H. Mirzaee, J.K. Ryan, R.M. Kirby. “Efficient Implementation of Smoothness-Increasing Accuracy-Conserving (SIAC) Filters for Discontinuous Galerkin Solutions,” In Journal of Scientific Computing, pp. (in press). 2011.
DOI: 10.1007/s10915-011-9535-x


The discontinuous Galerkin (DG) methods provide a high-order extension of the finite volume method in much the same way as high-order or spectral/hp elements extend standard finite elements. However, lack of inter-element continuity is often contrary to the smoothness assumptions upon which many post-processing algorithms such as those used in visualization are based. Smoothness-increasing accuracy-conserving (SIAC) filters were proposed as a means of ameliorating the challenges introduced by the lack of regularity at element interfaces by eliminating the discontinuity between elements in a way that is consistent with the DG methodology; in particular, high-order accuracy is preserved and in many cases increased. The goal of this paper is to explicitly define the steps to efficient computation of this filtering technique as applied to both structured triangular and quadrilateral meshes. Furthermore, as the SIAC filter is a good candidate for parallelization, we provide, for the first time, results that confirm anticipated performance scaling when parallelized on a shared-memory multi-processor machine.

B. Nelson, R. Haimes, R.M. Kirby. “GPU-Based Interactive Cut-Surface Extraction From High-0rder Finite Element Fields,” In IEEE Transactions on Visualization and Computer Graphics (IEEE Visualization Issue), Vol. 17, No. 12, pp. 1803--1811. 2011.

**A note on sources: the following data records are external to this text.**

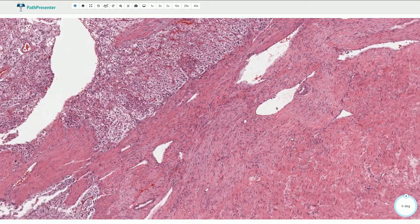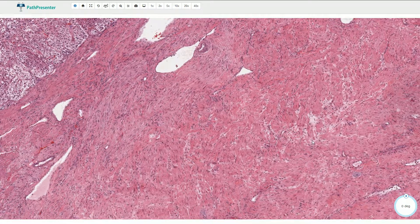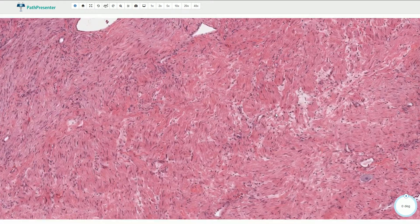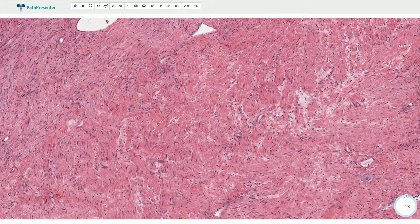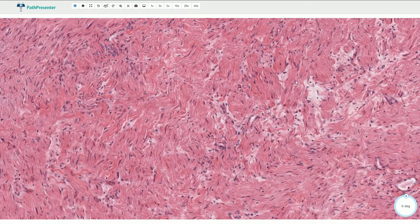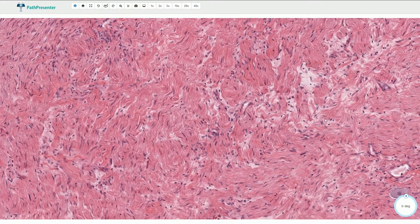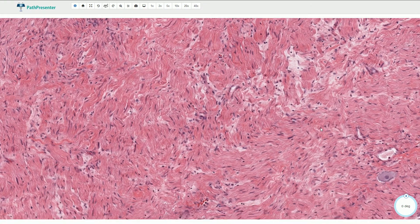Now let's pay attention to this mass here. It is composed of predominant stroma which consists of spindle-shaped cells arranged in a fascicular pattern. These cells have elongated thin nuclei, some of them are wavy, and they have pointed ends. Some of the cells look like Schwann cells, and this stroma can resemble neurofibroma.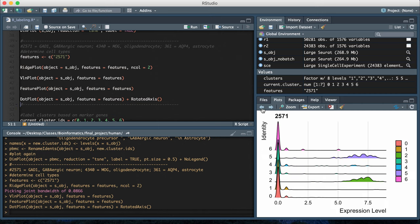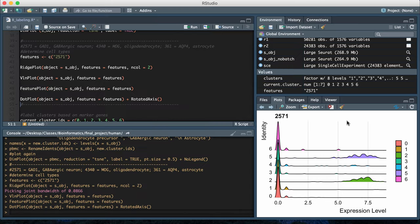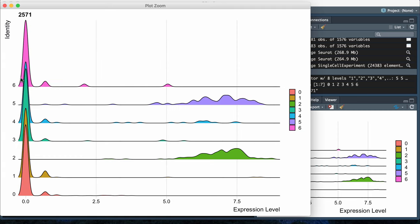The first one was a ridge plot, and it will basically show you a distribution of the genetic markers. Again, I'm looking at 2571, which is for a GABAergic neuron, and this should show you the distribution of that particular gene in the seven clusters.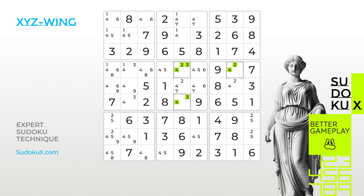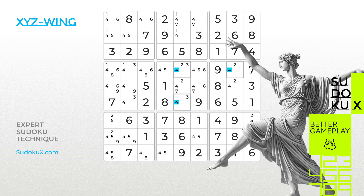Now let's examine the placement of number 4. We take the pivot as a central starting point. If the number 4 would be placed in the pivot, then the pincers would hold the numbers 2 and 3. Conversely, if either the number 2 or 3 is placed in the pivot, the 4 ends up in one of the pincers. Consequently, although we do not know yet which cell, the number 4 will end up in any of the three cells, allowing us to eliminate the number 4 from any cells intersecting with the pivot and pincers.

We present a GPU-based ray-tracing system for the accurate and interactive visualization of cut-surfaces through 3D simulations of physical processes created from spectral/hp high-order finite element methods. When used by the numerical analyst to debug the solver, the ability for the imagery to precisely reflect the data is critical. In practice, the investigator interactively selects from a palette of visualization tools to construct a scene that can answer a query of the data. This is effective as long as the implicit contract of image quality between the individual and the visualization system is upheld. OpenGL rendering of scientific visualizations has worked remarkably well for exploratory visualization for most solver results. This is due to the consistency between the use of first-order representations in the simulation and the linear assumptions inherent in OpenGL (planar fragments and color-space interpolation). Unfortunately, the contract is broken when the solver discretization is of higher-order. There have been attempts to mitigate this through the use of spatial adaptation and/or texture mapping. These methods do a better job of approximating what the imagery should be but are not exact and tend to be view-dependent. This paper introduces new rendering mechanisms that specifically deal with the kinds of native data generated by high-order finite element solvers. The exploratory visualization tools are reassessed and cast in this system with the focus on image accuracy. This is accomplished in a GPU setting to ensure interactivity.